■ **Required action**: From the line containing "vidaXL Hangkast met" to the last line of the data, both included, transcribe each line exactly, leaving out pictures and adding nothing.

Captioned web images:
================

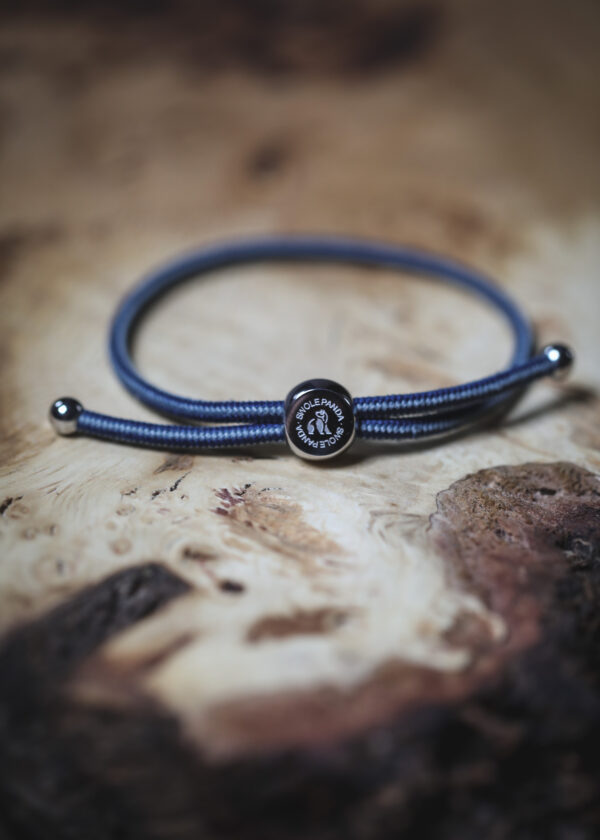 Swole Panda Recycled Rope Bracelet - Grey Stripe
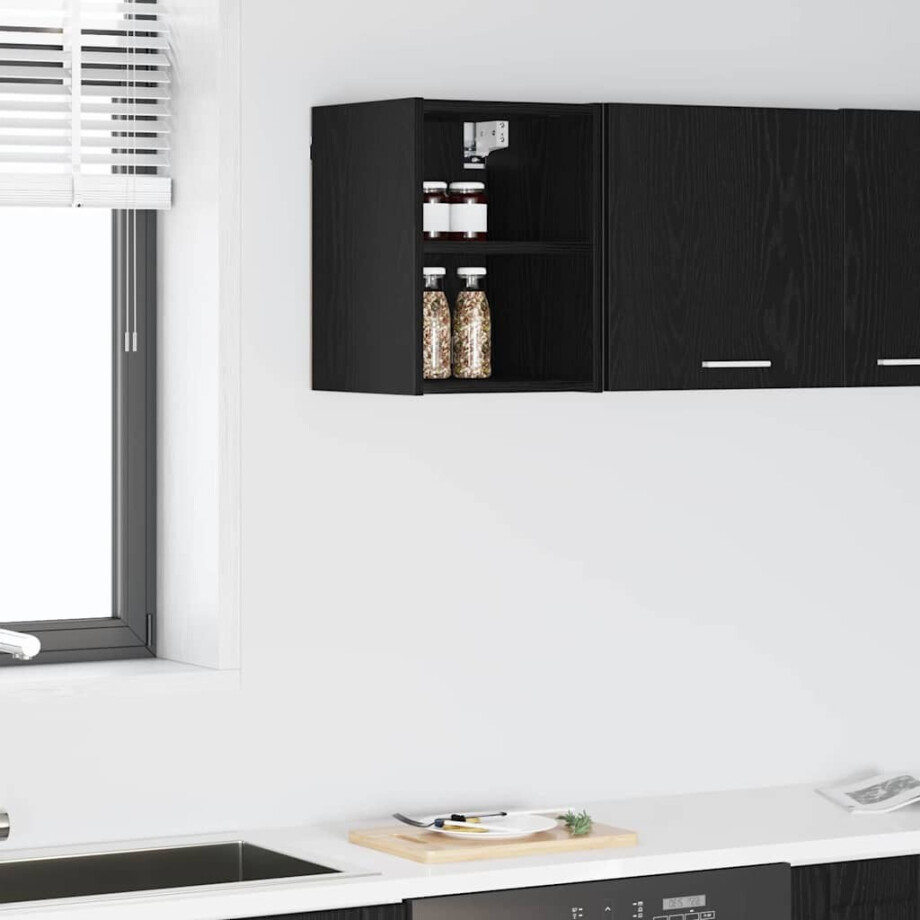vidaXL Hangkast met opslag Zwart Eiken 30 x 29,5 x 40 cm Bewerkt hout afbeelding 1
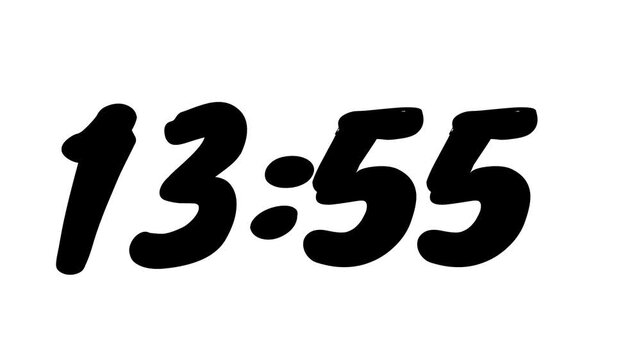 Countdown timer from 14 minute to 13 minute on white background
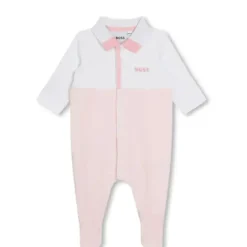 Hugo Boss Baby - Polo Footie Girl, Branco E Rosa Claro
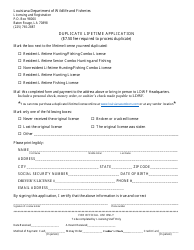 Document preview: Duplicate Lifetime Application - Louisiana
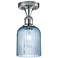 Ballston Bridal Veil 5" Semi-Flush Mount Polished Chrome Blue Shade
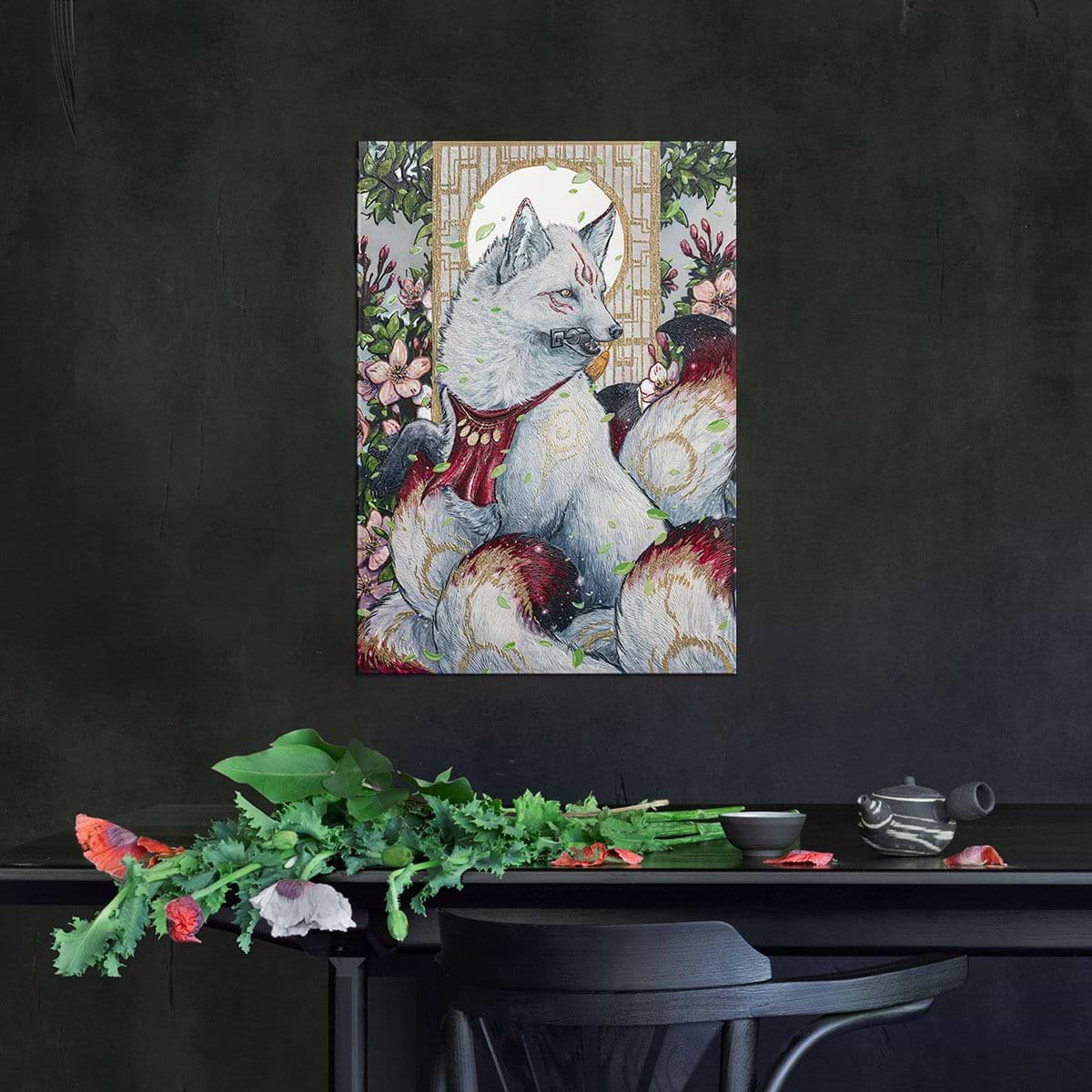 White Kitsune metal poster - Limited Edition | Displate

================

■ **Response area**:
vidaXL Hangkast met opslag Zwart Eiken 30 x 29,5 x 40 cm Bewerkt hout afbeelding 1
 Countdown timer from 14 minute to 13 minute on white background
 Hugo Boss Baby - Polo Footie Girl, Branco E Rosa Claro
 Document preview: Duplicate Lifetime Application - Louisiana
 Ballston Bridal Veil 5" Semi-Flush Mount Polished Chrome Blue Shade
 White Kitsune metal poster - Limited Edition | Displate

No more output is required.